Here you have the ready example of robots.txt to use.

It remembers that, to have a robots.txt file in your website it will help to that the tracking robots know to interpret better the parts of the Web and they concentrate in which really has importance.

Author

2 Commentaries

  1. Hello Edu thank you very much by the post, I have a doubt on robots that listens in youtube and decia something as well as that is better not to have anything because google enters if or if to all the site and not giving the permissions him in robots were detrimental because it was as to deny the entrance to him to bot of google and generated bad results or position to the site, that has this of certain for this year 2020? thank you very much

    • Edu Coromina To respond

      Hello Leonardo!

      Certainly the robots.txt file must handle itself with care, and I advise to make it in ecommerce especially medium/great to block autogenerated filters or URLs. It is a delicate file and sometimes people use a group of robots.txt when she always must personalize itself to the needs of each.

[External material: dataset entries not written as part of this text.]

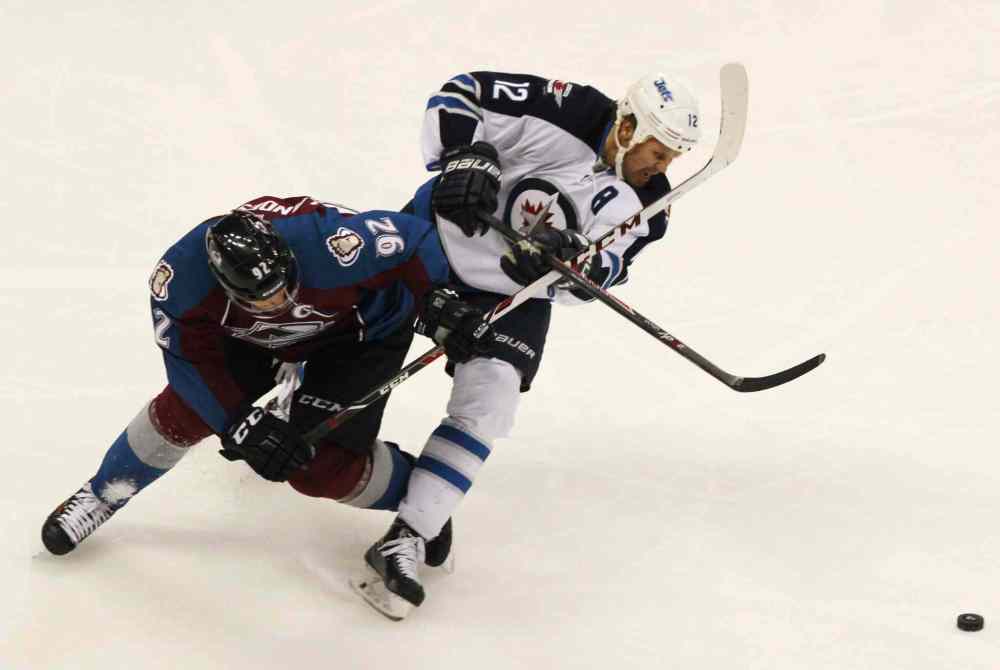 David Zalubowski / The Associated Press
Gabriel Landeskog (left) gets tangled up with Olli Jokinen while pursuing the puck in the third period.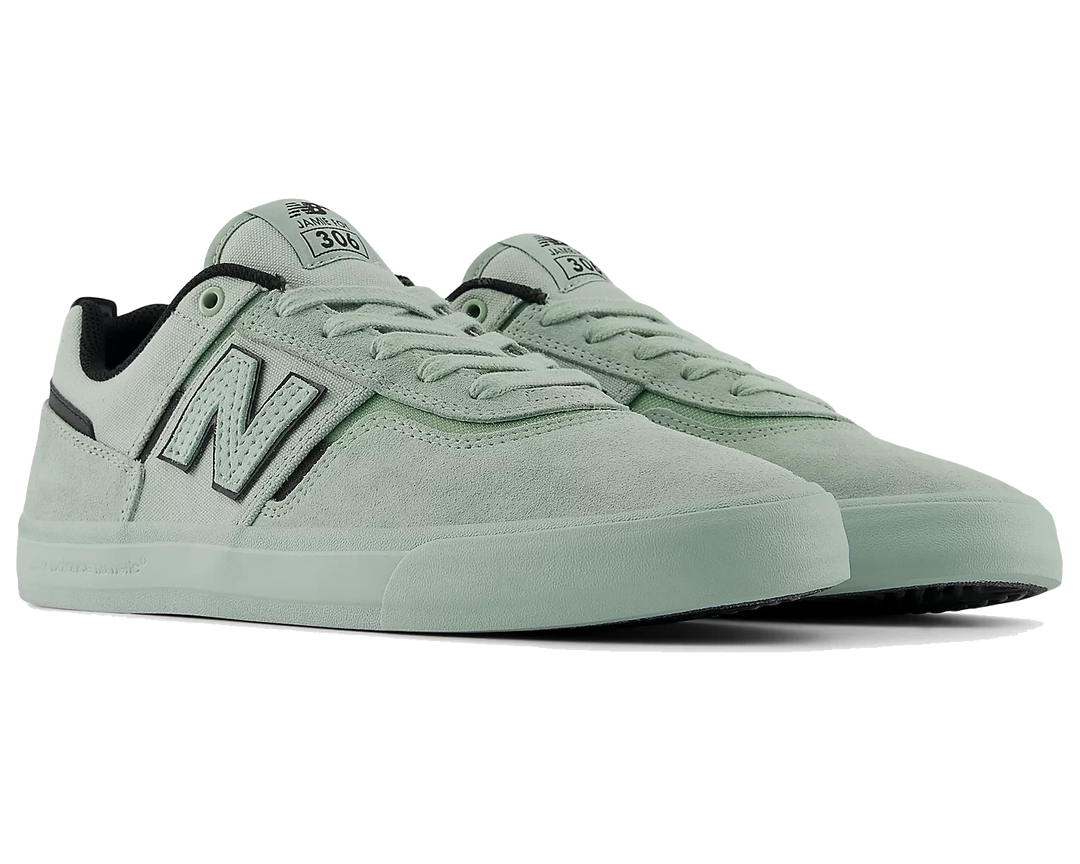 Pair of light green sneakers with New Balance logo on a white background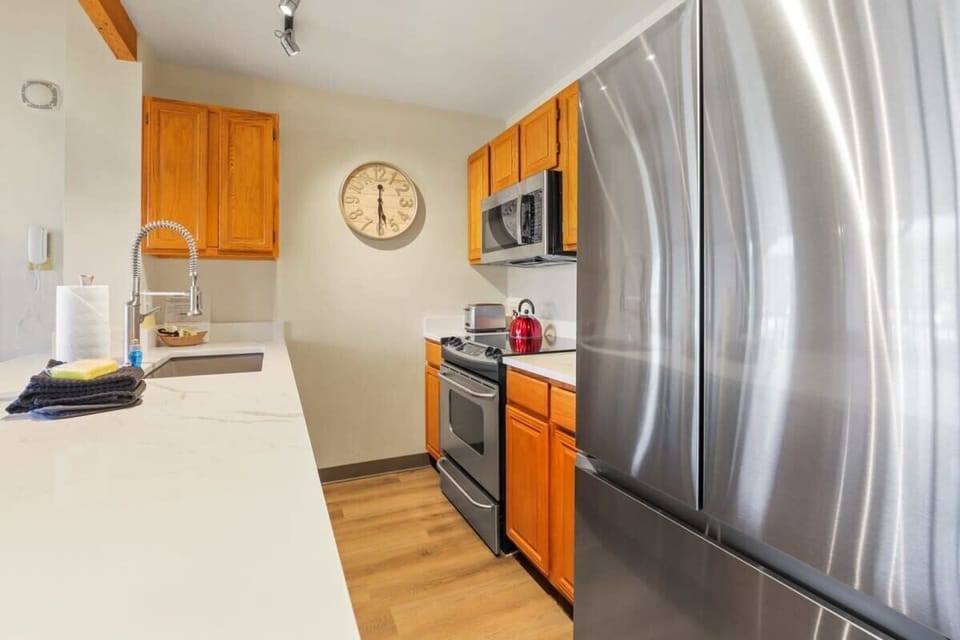 Fully-equipped kitchen with stainless steel appliances, stone countertops and a spacious peninsula that makes for easy serving to the nearby dining area.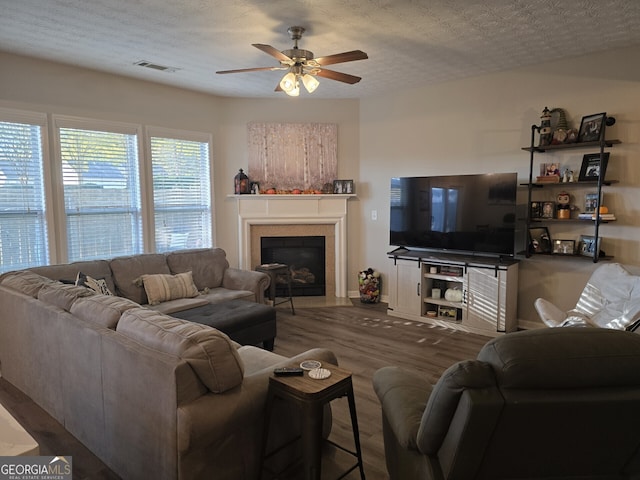 living room with a textured ceiling, ceiling fan, and dark wood-type flooring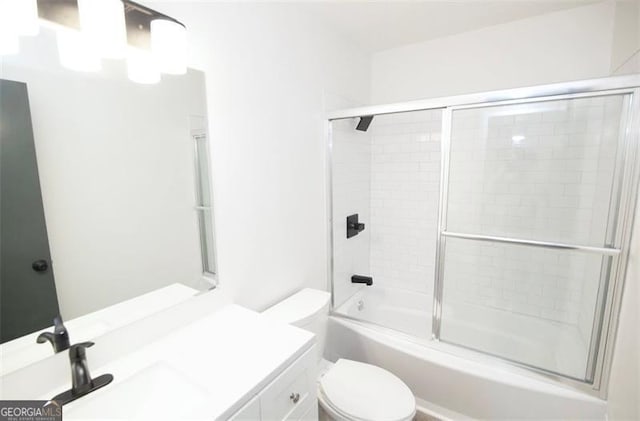 full bathroom with toilet, bath / shower combo with glass door, and vanity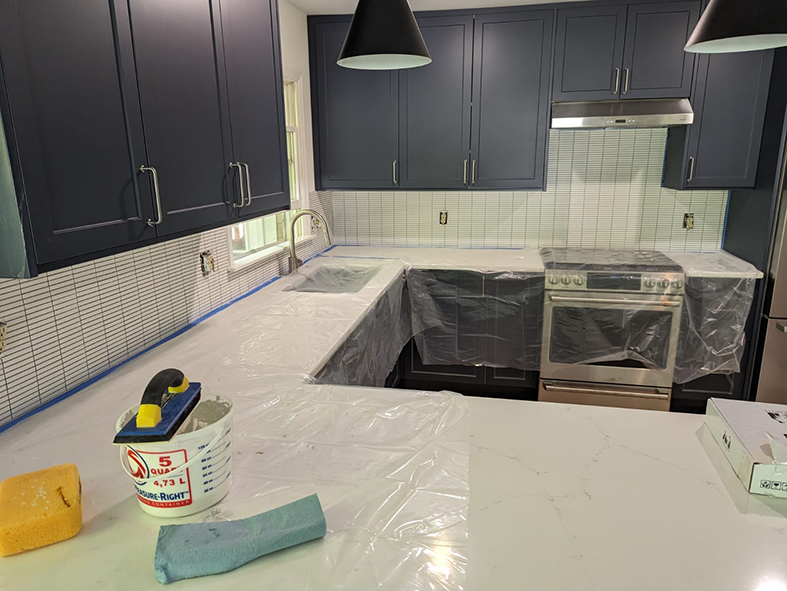 Custom Kitchen Remodeling - Navy blue Shaker cabinets with white quartz countertop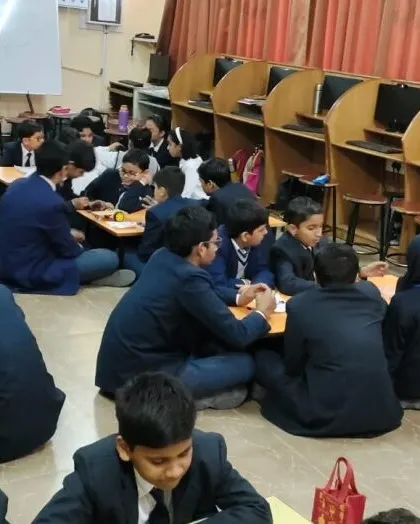 A wide view of a robotics workshop in session, with students sitting in groups and actively working on their projects.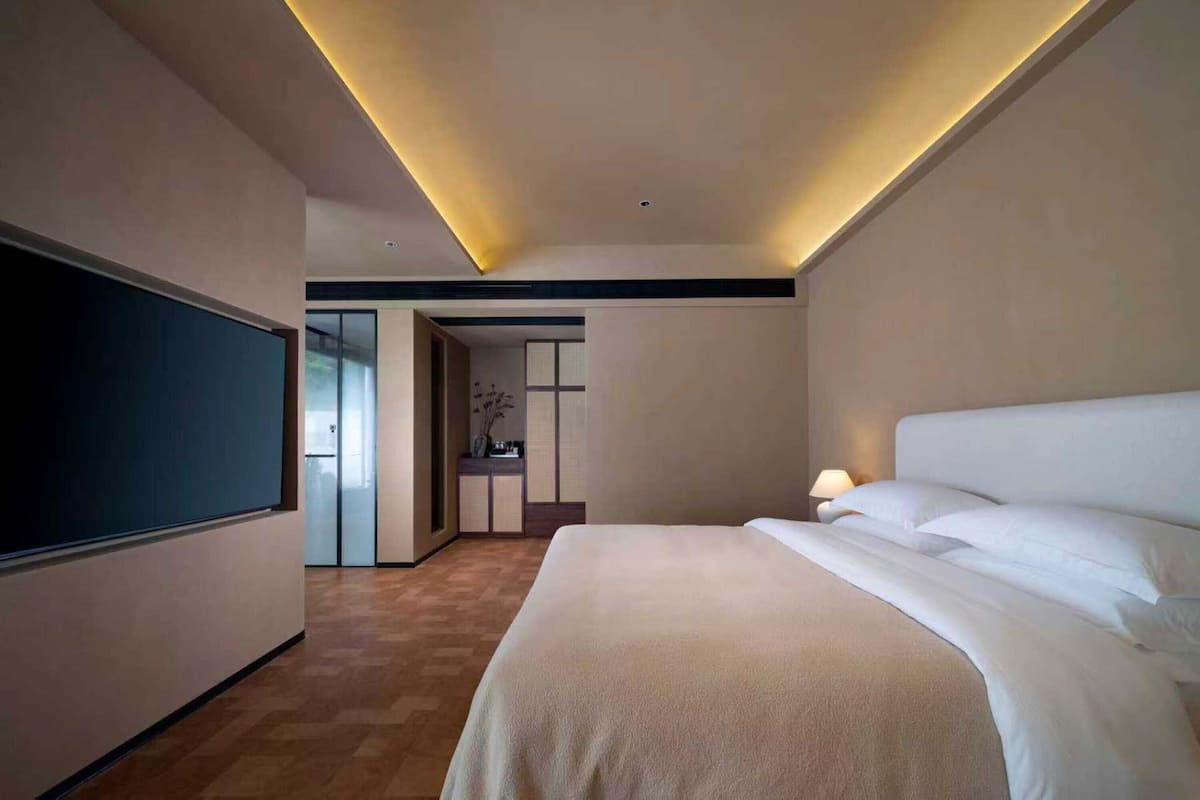 Een moderne hotelkamer met een groot bed, een flatscreen-tv en een klein bureau.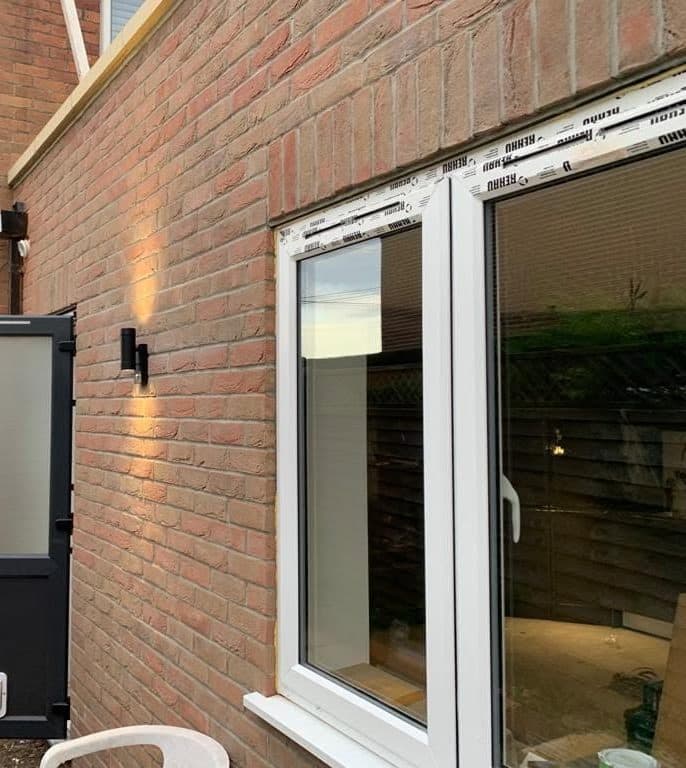 Side of a new brick extension with white uPVC French doors and wall lights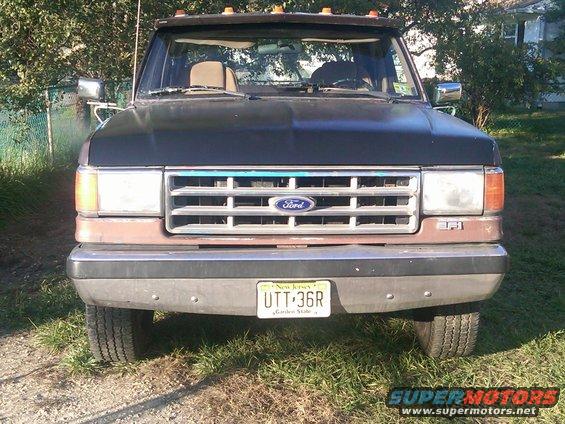 Front view of a 1988 Ford F-350 truck with a brown grille and black hood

      Another important factor is not to block by robots.txt URLs or sections that nevertheless appear in sitemaps, as well as to understand the certain loss of linkjuice of URLs that can aim at URLs blocked by this file.

      Also it serves as a form to block bots of tools as Screaming Frog or Netpeak Spider of peculiar eyes.

      If the directives are formed well, the robots.txt file does not harm.

      A hug!

It leaves a Commentary

This site uses Akismet to reduce the Spam. It learns how the data of your commentaries are processed.